Excerpted records -

——————

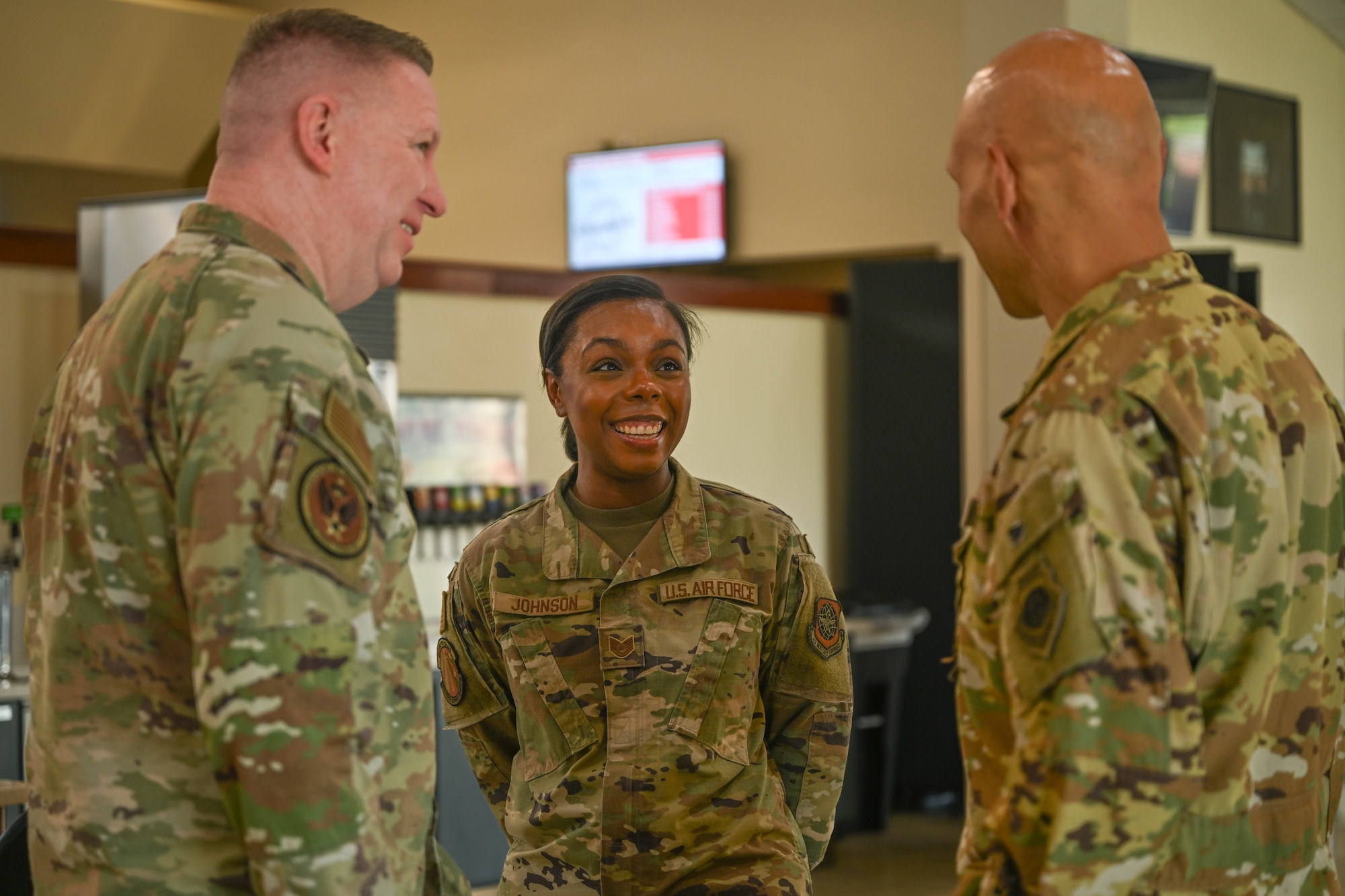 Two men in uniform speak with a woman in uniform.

——————

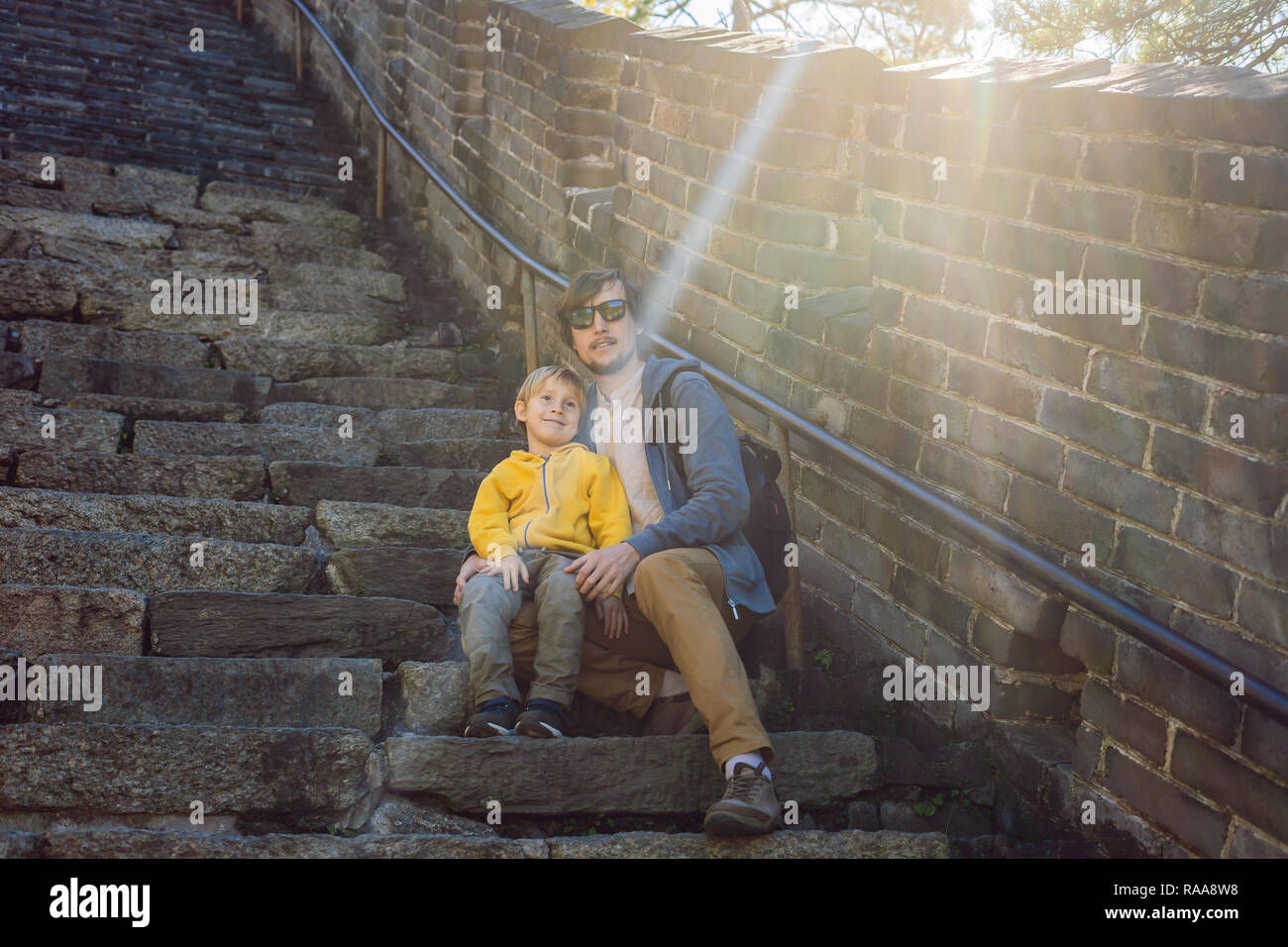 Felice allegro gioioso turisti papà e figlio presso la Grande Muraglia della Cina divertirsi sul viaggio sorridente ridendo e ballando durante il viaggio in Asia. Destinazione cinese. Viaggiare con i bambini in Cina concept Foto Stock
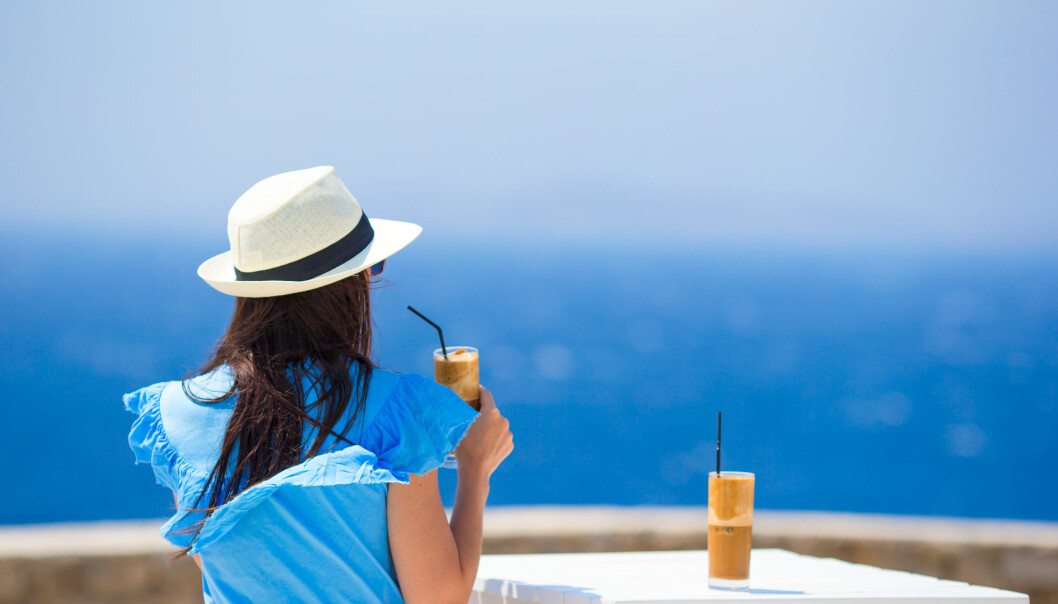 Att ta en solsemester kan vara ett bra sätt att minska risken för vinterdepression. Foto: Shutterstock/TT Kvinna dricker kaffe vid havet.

——————

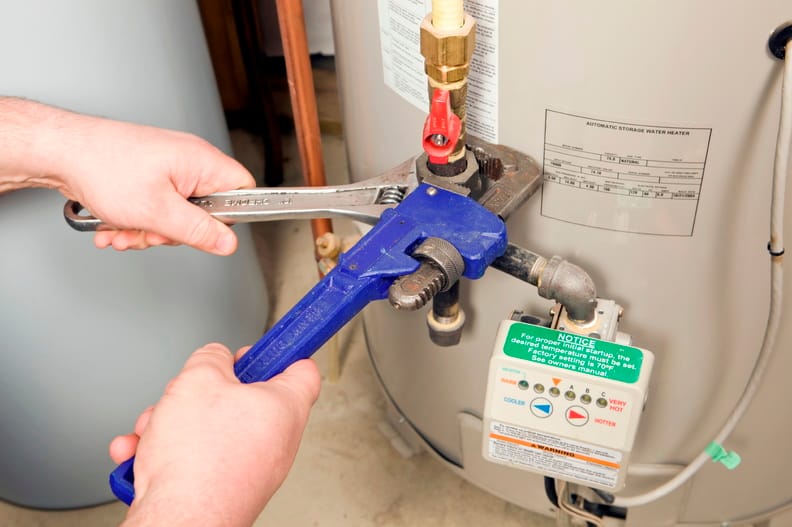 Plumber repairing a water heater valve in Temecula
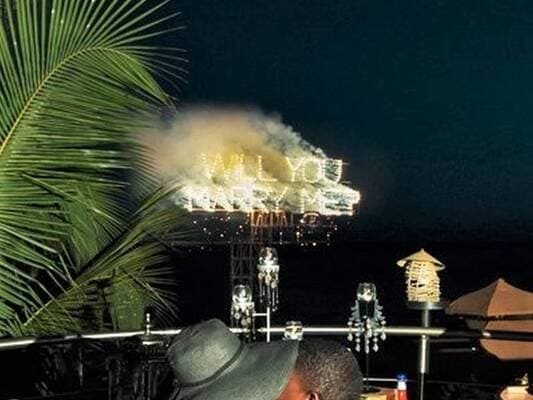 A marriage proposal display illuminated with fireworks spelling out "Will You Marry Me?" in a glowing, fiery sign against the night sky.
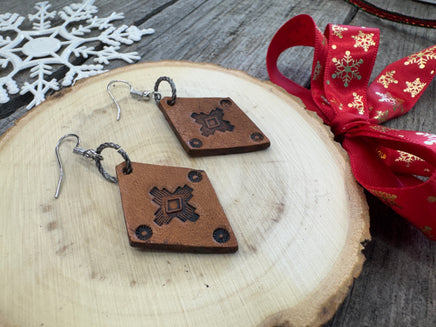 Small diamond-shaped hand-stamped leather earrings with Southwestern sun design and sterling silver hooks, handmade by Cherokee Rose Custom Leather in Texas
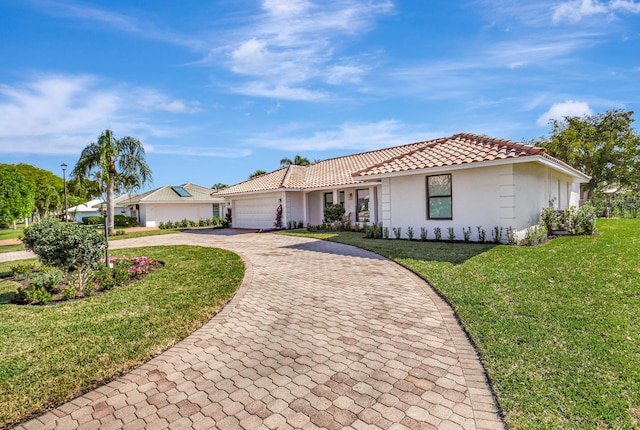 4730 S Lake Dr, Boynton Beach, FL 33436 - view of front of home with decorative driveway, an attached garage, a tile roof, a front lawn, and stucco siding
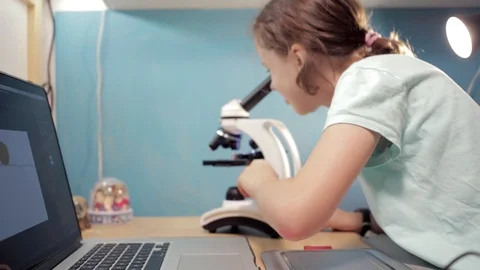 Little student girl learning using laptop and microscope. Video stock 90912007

——————

Instructions for the task - Start with the line with "Felice allegro gioioso" in the listing above and stop after the line with "Att ta en solsemester". Write out exactly the lines in that stretch and no others, without pictures.

Reply -
 Felice allegro gioioso turisti papà e figlio presso la Grande Muraglia della Cina divertirsi sul viaggio sorridente ridendo e ballando durante il viaggio in Asia. Destinazione cinese. Viaggiare con i bambini in Cina concept Foto Stock
 Att ta en solsemester kan vara ett bra sätt att minska risken för vinterdepression. Foto: Shutterstock/TT Kvinna dricker kaffe vid havet.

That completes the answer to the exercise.